Clearly, we need to do a better job protecting our children, employees, customers, patrons and anyone else in a public or private place. Video surveillance is a great start, but they need to be smarter, quicker and more proactive if they are going to be successful at thwarting tragedies.

And more importantly, they need to be effective before, during and after an event. This last point is something most surveillance systems today are critically lacking. While stopping the threat before it happens is always the best option, improving the effectiveness and timeliness of the response also has a vital impact that can significantly improve event outcomes.

This article will cover some of the most common weapons detection technologies available and then explain how artificial intelligence (AI) driven gun detection has emerged as a highly effective solution.

This technology can not only monitor and detect, but it can also make it possible to quickly alert and trigger sophisticated security procedures in mere seconds depending on the platform solution that is in place.

First of All — Investments in Video Surveillance Are Safe!

Many clients have made significant investments in video surveillance systems and think they need to re-invent the wheel to incorporate new weapons detection technologies.

Fortunately, this is not the case because many of the new solutions, such as visual gun detection, are built using standardized protocols, like RTSP that can seamlessly integrate with most existing security camera and video management systems already in place.

In fact, systems can transform existing surveillance equipment from a reactive, after-the-fact system typically used to review situations post-event to a preventive solution, capable of proactively spotting and potentially preventing harm if acted upon.

Weapons Detection Strategies Deployed Today

There are a wide variety of technologies and solutions available today that security integrators can offer their clients for weapons detection.  Here is a snapshot of the most common ones:

Human monitoring

Human monitoring includes the traditional method of having a person watch cameras for suspicious activity. While this sounds good in theory, the reality is that less than 1% of all surveillance video is actually watched live and according to a study by Security Oz, 45% of activity is missed after 12 minutes of continuous video monitoring.

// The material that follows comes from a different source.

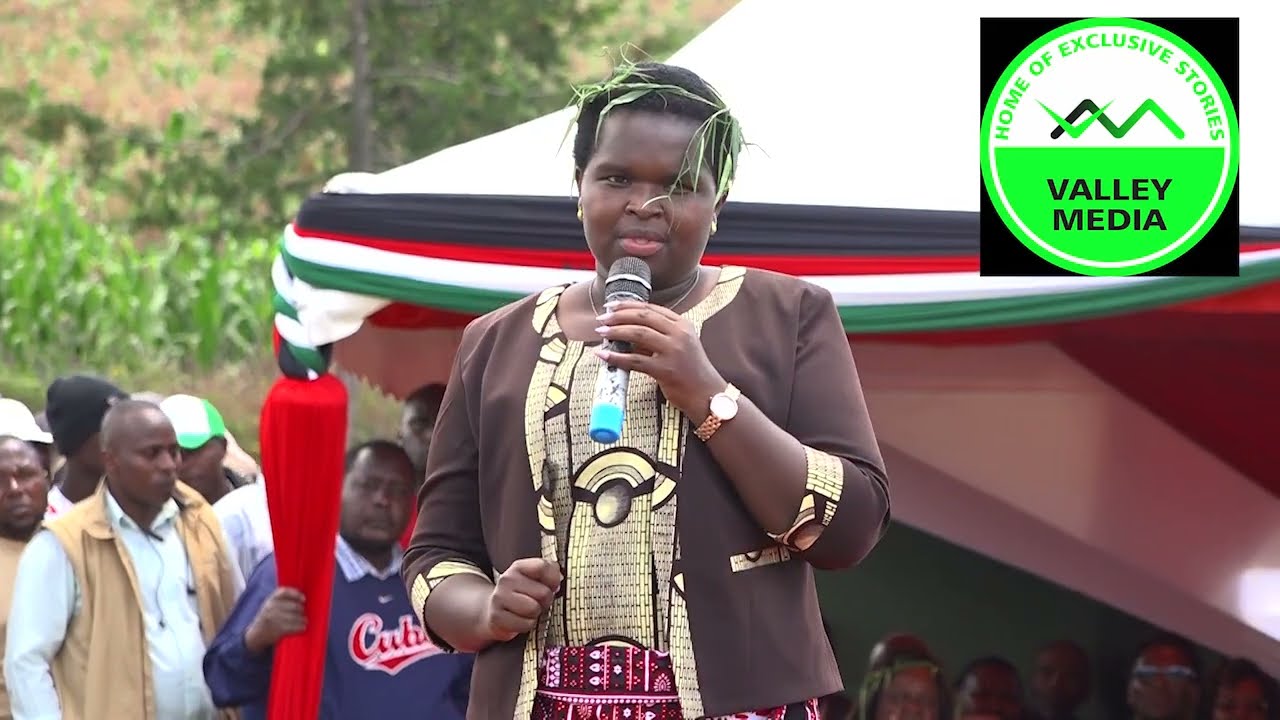 Bomet Women Rep Toto Controversial Speech About Ruto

These results only get worse the longer a human is watching the video because the same report states that 95% of activity can be overlooked by monitors after just 22 minutes. And finally, all of these stats drop precipitously the more screens a person has to monitor.

Metal Detection

Metal Detection uses technologies that are capable of penetrating clothing and other forms of concealment such as baggage. These systems often use some form of acoustic or electromagnetic energy akin to radar, including micrometer and millimeter waves. The advantage of these systems is that they are highly preventive since they can detect hidden weapons and constrain the movement of people carrying them.

Unfortunately, the technologies used are most effective over a very short range so they are normally installed in corridors and entryways, such as the detectors we experience in airports, courthouses and some office buildings.

In addition, every detection requires in-person human verification through wanding or pat-downs and the systems are expensive to install and require specialized training and constant staffing. Furthermore, the usage of these technologies can adversely affect the visitors to such spaces and can be unattractive options for many use cases.

Gunshot Detection

Gunshot Detection works by using geographically dispersed microphones to listen for gunshot sounds and algorithms to determine the location of gunfire. Microphones, spread throughout a defined area, are tuned to recognize the sound of gunshots and use the delay of those sounds to approximate the gunshot’s origination site.

Regional centers with audible experts verify potential gunshot sounds and then escalate valid detections. The benefit of gunshot detection is its ability to provide intelligence to law enforcement and other security organizations, including the rough location of the incident, as well as the number of shots fired. This audible approach can be employed to cover a substantial area, such as a downtown zone suffering from high levels of gun violence.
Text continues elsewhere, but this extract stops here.